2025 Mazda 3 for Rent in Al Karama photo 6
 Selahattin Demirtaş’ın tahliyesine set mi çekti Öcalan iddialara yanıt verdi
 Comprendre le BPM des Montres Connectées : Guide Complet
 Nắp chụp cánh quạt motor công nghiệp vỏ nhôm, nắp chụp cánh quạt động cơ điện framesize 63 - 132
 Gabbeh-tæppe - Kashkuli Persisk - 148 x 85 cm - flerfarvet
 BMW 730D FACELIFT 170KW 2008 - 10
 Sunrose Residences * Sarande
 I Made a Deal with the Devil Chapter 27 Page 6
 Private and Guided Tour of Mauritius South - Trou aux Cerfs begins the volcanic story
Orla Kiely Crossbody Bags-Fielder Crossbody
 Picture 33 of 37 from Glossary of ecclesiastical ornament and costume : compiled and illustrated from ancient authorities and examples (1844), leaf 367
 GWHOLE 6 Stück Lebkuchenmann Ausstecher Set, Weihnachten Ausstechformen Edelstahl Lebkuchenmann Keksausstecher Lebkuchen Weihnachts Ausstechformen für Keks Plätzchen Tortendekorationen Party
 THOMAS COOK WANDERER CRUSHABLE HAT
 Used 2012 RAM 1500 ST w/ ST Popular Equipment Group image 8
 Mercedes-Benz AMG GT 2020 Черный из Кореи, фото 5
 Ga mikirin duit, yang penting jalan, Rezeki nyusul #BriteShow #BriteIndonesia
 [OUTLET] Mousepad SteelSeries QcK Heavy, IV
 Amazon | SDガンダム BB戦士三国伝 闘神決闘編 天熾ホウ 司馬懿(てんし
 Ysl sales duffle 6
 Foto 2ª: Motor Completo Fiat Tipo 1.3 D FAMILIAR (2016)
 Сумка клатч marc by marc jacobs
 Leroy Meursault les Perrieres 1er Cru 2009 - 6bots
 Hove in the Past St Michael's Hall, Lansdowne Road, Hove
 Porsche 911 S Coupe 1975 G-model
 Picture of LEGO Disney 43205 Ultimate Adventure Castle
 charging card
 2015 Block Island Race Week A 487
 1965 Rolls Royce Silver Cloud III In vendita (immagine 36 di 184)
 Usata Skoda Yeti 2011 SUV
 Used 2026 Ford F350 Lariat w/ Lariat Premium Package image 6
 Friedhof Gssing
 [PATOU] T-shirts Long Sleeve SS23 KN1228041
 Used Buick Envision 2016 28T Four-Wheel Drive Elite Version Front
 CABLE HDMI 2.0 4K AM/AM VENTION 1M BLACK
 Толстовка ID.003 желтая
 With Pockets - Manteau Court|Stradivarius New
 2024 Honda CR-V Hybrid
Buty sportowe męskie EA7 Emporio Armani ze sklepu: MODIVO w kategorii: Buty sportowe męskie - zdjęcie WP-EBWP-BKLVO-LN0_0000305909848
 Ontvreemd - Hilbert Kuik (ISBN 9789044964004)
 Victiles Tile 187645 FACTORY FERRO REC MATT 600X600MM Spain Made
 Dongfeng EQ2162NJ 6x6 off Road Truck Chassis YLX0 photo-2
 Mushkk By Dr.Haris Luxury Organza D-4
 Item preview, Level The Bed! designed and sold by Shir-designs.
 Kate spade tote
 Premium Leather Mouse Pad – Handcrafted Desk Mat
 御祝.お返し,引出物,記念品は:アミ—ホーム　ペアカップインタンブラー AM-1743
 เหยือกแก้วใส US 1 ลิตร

### Problem to solve
Now output the listing above, exactly as it appears.

### Response
2025 Mazda 3 for Rent in Al Karama photo 6
 Selahattin Demirtaş’ın tahliyesine set mi çekti Öcalan iddialara yanıt verdi
 Comprendre le BPM des Montres Connectées : Guide Complet
 Nắp chụp cánh quạt motor công nghiệp vỏ nhôm, nắp chụp cánh quạt động cơ điện framesize 63 - 132
 Gabbeh-tæppe - Kashkuli Persisk - 148 x 85 cm - flerfarvet
 BMW 730D FACELIFT 170KW 2008 - 10
 Sunrose Residences * Sarande
 I Made a Deal with the Devil Chapter 27 Page 6
 Private and Guided Tour of Mauritius South - Trou aux Cerfs begins the volcanic story
Orla Kiely Crossbody Bags-Fielder Crossbody
 Picture 33 of 37 from Glossary of ecclesiastical ornament and costume : compiled and illustrated from ancient authorities and examples (1844), leaf 367
 GWHOLE 6 Stück Lebkuchenmann Ausstecher Set, Weihnachten Ausstechformen Edelstahl Lebkuchenmann Keksausstecher Lebkuchen Weihnachts Ausstechformen für Keks Plätzchen Tortendekorationen Party
 THOMAS COOK WANDERER CRUSHABLE HAT
 Used 2012 RAM 1500 ST w/ ST Popular Equipment Group image 8
 Mercedes-Benz AMG GT 2020 Черный из Кореи, фото 5
 Ga mikirin duit, yang penting jalan, Rezeki nyusul #BriteShow #BriteIndonesia
 [OUTLET] Mousepad SteelSeries QcK Heavy, IV
 Amazon | SDガンダム BB戦士三国伝 闘神決闘編 天熾ホウ 司馬懿(てんし
 Ysl sales duffle 6
 Foto 2ª: Motor Completo Fiat Tipo 1.3 D FAMILIAR (2016)
 Сумка клатч marc by marc jacobs
 Leroy Meursault les Perrieres 1er Cru 2009 - 6bots
 Hove in the Past St Michael's Hall, Lansdowne Road, Hove
 Porsche 911 S Coupe 1975 G-model
 Picture of LEGO Disney 43205 Ultimate Adventure Castle
 charging card
 2015 Block Island Race Week A 487
 1965 Rolls Royce Silver Cloud III In vendita (immagine 36 di 184)
 Usata Skoda Yeti 2011 SUV
 Used 2026 Ford F350 Lariat w/ Lariat Premium Package image 6
 Friedhof Gssing
 [PATOU] T-shirts Long Sleeve SS23 KN1228041
 Used Buick Envision 2016 28T Four-Wheel Drive Elite Version Front
 CABLE HDMI 2.0 4K AM/AM VENTION 1M BLACK
 Толстовка ID.003 желтая
 With Pockets - Manteau Court|Stradivarius New
 2024 Honda CR-V Hybrid
Buty sportowe męskie EA7 Emporio Armani ze sklepu: MODIVO w kategorii: Buty sportowe męskie - zdjęcie WP-EBWP-BKLVO-LN0_0000305909848
 Ontvreemd - Hilbert Kuik (ISBN 9789044964004)
 Victiles Tile 187645 FACTORY FERRO REC MATT 600X600MM Spain Made
 Dongfeng EQ2162NJ 6x6 off Road Truck Chassis YLX0 photo-2
 Mushkk By Dr.Haris Luxury Organza D-4
 Item preview, Level The Bed! designed and sold by Shir-designs.
 Kate spade tote
 Premium Leather Mouse Pad – Handcrafted Desk Mat
 御祝.お返し,引出物,記念品は:アミ—ホーム　ペアカップインタンブラー AM-1743
 เหยือกแก้วใส US 1 ลิตร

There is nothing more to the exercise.